Arnold is incredibly versatile and houses a plethora of features. Though not as fast as Redshift below, its speed is still quite exceptional allowing for real-time rendering, using a node-based material editor, a Physical Sky shader, and a very sophisticated Atmosphere Volume shader.
A near all-in-one studio in a bottle, this software can be used with many of today’s leading 3D production software.
- Price: $360 / year
- Software: 3ds Max, Cinema 4D, Houdini, Katana, Maya, Softimage
- Pros: Capable of hyper-realistic renders, easy-to-use interface
- Cons: GPU functionality exclusive to Nvidia CUDA GPU
Developed by Bulgarian company Chaos Group, V-Ray is another biased raytracer engine plug-in that also can harness both your machine’s CPU and GPU to provide exceptional renders for your architectural, VFX, and film projects. V-Ray, and its most recent generational iteration V-Ray Next, can compute complex global illumination algorithms, allowing it to add more realistic lighting to your 3D scenes. Path tracing, irradiance maps, and shading have all been improved with half of the rendering time.
Another feature exclusive to V-Ray is the V-Ray denoiser, a filter that decreases the amount of noise of your render without needing to up your sampling count, allowing for a smoother real-time experience, cutting your render times down significantly, and speeding up your workflow. The denoiser’s biggest caveat is it can only be used by Nvidia GPUs.

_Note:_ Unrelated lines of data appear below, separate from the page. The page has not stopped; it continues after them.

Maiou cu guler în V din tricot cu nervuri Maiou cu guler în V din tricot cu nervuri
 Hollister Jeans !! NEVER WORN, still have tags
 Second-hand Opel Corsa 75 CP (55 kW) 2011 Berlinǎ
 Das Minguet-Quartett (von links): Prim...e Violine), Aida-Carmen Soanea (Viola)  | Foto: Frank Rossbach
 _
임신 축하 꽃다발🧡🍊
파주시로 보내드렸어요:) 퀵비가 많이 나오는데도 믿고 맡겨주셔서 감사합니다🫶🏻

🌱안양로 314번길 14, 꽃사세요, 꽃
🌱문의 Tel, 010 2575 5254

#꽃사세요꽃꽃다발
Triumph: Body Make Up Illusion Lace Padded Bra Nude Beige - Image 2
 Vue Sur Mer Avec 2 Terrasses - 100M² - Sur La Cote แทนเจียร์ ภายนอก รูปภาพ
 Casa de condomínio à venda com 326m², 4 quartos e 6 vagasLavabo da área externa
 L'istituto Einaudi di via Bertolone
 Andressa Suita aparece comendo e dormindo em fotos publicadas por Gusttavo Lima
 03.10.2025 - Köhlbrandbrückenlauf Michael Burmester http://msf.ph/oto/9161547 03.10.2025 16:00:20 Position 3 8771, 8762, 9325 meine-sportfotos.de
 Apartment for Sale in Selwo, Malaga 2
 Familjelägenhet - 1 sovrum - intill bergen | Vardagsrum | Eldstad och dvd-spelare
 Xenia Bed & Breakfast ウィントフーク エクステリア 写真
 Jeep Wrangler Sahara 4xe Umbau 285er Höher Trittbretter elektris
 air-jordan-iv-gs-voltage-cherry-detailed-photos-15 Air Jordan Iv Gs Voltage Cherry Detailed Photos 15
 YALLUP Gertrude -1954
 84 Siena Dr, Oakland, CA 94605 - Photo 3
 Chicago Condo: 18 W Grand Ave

V-Ray is compatible with almost all industry-standard programs including the likes of Rhino3D, SketchUp, Revit, 3Ds Max, and Maya.
- Price: $470 / year
- Software: 3ds Max, Blender, Cinema 4D, Maya, Modo, Nuke, Revit, Rhinoceros, SketchUp, Unreal Engine
- Pros: Progressive rendering, selective light sampling
- Cons: GPU functionality exclusive to Nvidia CUDA GPU
Well known for its realism and quality in the architecture community, Maxwell is an unbiased CPU/GPU-based rendering software that is geared toward industrial design and architectural visualization. Along with an incredible degree of hyper-realism, it also has an easy-to-use setup, which allows you to produce fantastic results with little fuss.
The most recent iteration of this plugin allows for GPU rendering as well as CPU rendering, which helps streamline your workflow while not compromising your final render quality. However, it’s still experimental and can only be used with a CUDA-capable Nvidia graphics card.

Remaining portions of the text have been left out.